In particular, I have four examples in mind:

"postmaster" is widely used.  The term is already confusing to outsiders
because it has nothing to do with the post office.  But OK, it's
historical.  But note that many users never see a process or executable
called postmaster because it's started automatically or they use pg_ctl,
or they're just using their ODBC client.  People tend to know what a
"server" is, so I suggest that term except when you are actually talking
about the executable.

"backend" is often used to mean one of the child processes of the
postmaster.  In a general sense, backend is just the same as server, which
is the opposite of client or frontend.  Users can't be expected to know
that the server forks subprocesses to do its thing.  One of the statistics
access functions is described as "Number of active backends in database".
How does that work?  I thought you could only run one postmaster per data
area? -- I think the term "session" is generally clearer, because you
already have session users and these things.
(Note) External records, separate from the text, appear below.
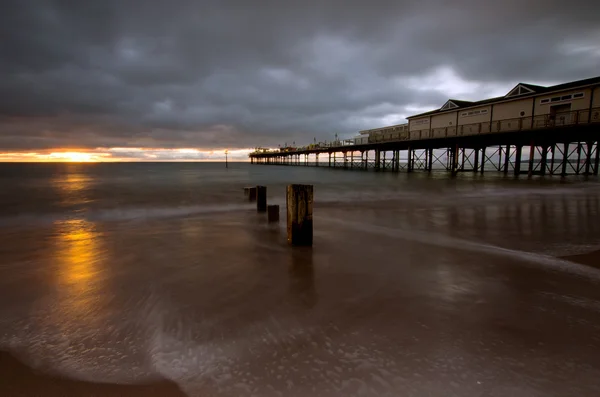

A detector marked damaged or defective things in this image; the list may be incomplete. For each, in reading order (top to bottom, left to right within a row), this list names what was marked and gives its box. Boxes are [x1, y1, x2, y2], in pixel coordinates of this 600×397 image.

rusted metal support [288, 184, 314, 246] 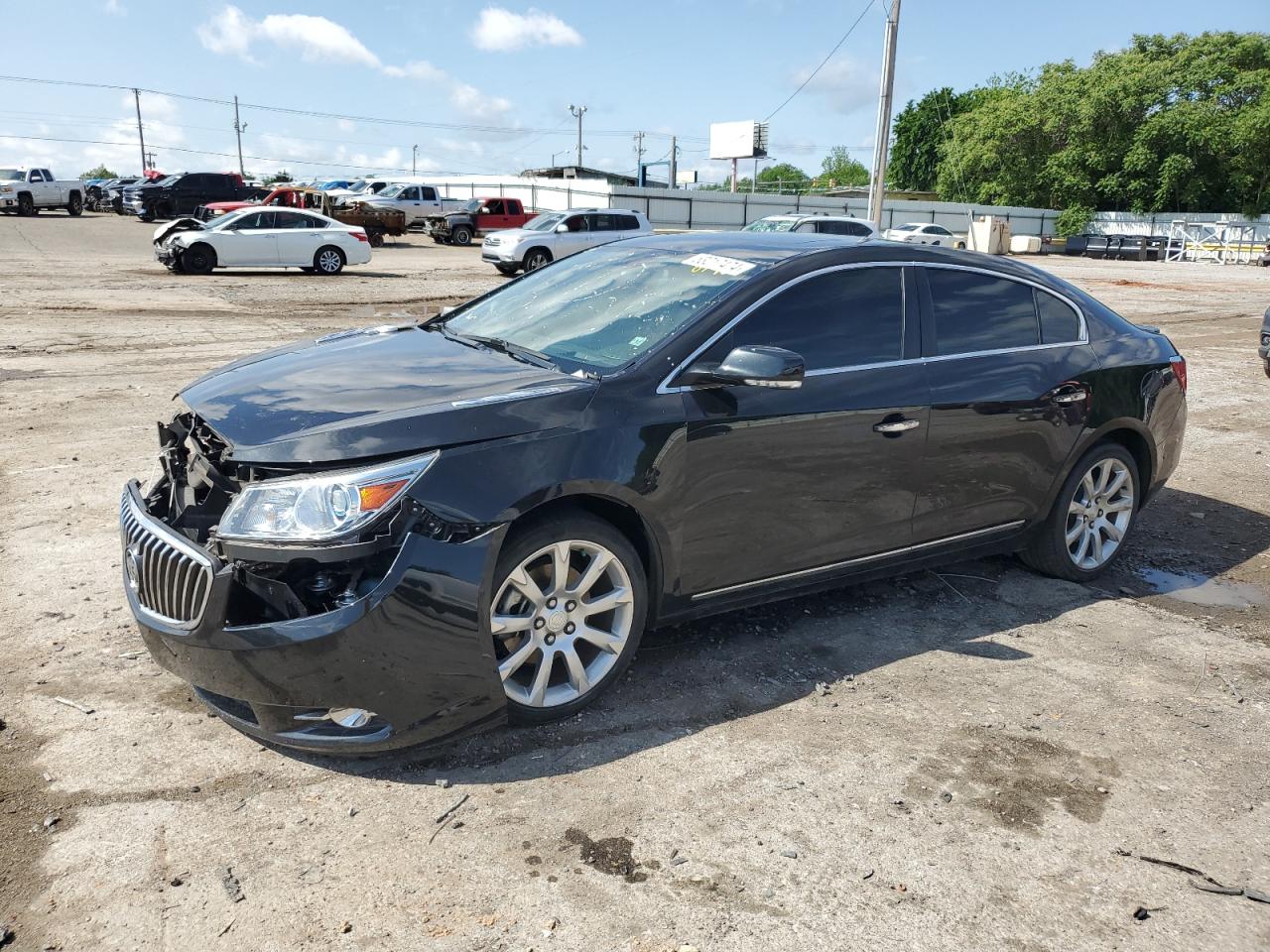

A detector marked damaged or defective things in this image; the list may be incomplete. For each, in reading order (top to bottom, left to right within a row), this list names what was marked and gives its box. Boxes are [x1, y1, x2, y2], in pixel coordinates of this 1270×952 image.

damaged hood [154, 218, 206, 244]
damaged hood [177, 323, 599, 464]
damaged front bumper [118, 488, 506, 754]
"tuple" is described in one place as "A tuple is an individual state of a
row; each update of a row creates a new tuple for the same logical row."
This definition is inconsistent with common usage -- and even the rest of
the manual.

A "query" is actually only something that retrieves data from a database,
that is, a SELECT statement.  UPDATEs are not queries, DELETEs are not
queries, and certainly CREATE TABLE isn't a query.  These things are just
statements or commands.  Some documentation has this completely mixed up.

Please take these kinds of issues into consideration, as they could make
many users' lifes just slightly easier.

-- 
Peter Eisentraut   peter_e@gmx.net



Re: Confusing terminology

From
Tom Lane
Date:
Peter Eisentraut <peter_e@gmx.net> writes:
> In particular, I have four examples in mind:

> [ "postmaster" and "backend" -> "server" and "session" ]

I think we should use "postmaster" when we are specifically discussing
the parent daemon process as distinguished from its children, and
"backend" when we are specifically describing a child process as
distinguished from its parent and siblings.  "Server" is fine in any
context where you just mean "that software at the other end of the wire
from the client".  Look at it this way: if Postgres were implemented as
a monolithic server process, would your documentation still be correct
and sensible?  If so, say "server".  Use the other two terms when you
need to distinguish the parts.  Example:
After receiving a connection request, the postmaster spawnsa backend process to handle that client session.

While this is certainly project-specific language, it's useful to people
who may actually have to look at the code; and if they're reading
documentation that is talking about the parts of the server in the first
place, they're not that far away from wanting to look at code.  I don't
think that
After receiving a connection request, the server spawnsa session process to handle that client session.

is an improvement --- it seems more to have reduced the concept to a
tautology.  (Also, as seen here, I don't care for using "session"
to describe a process.  A session is a different sort of animal.)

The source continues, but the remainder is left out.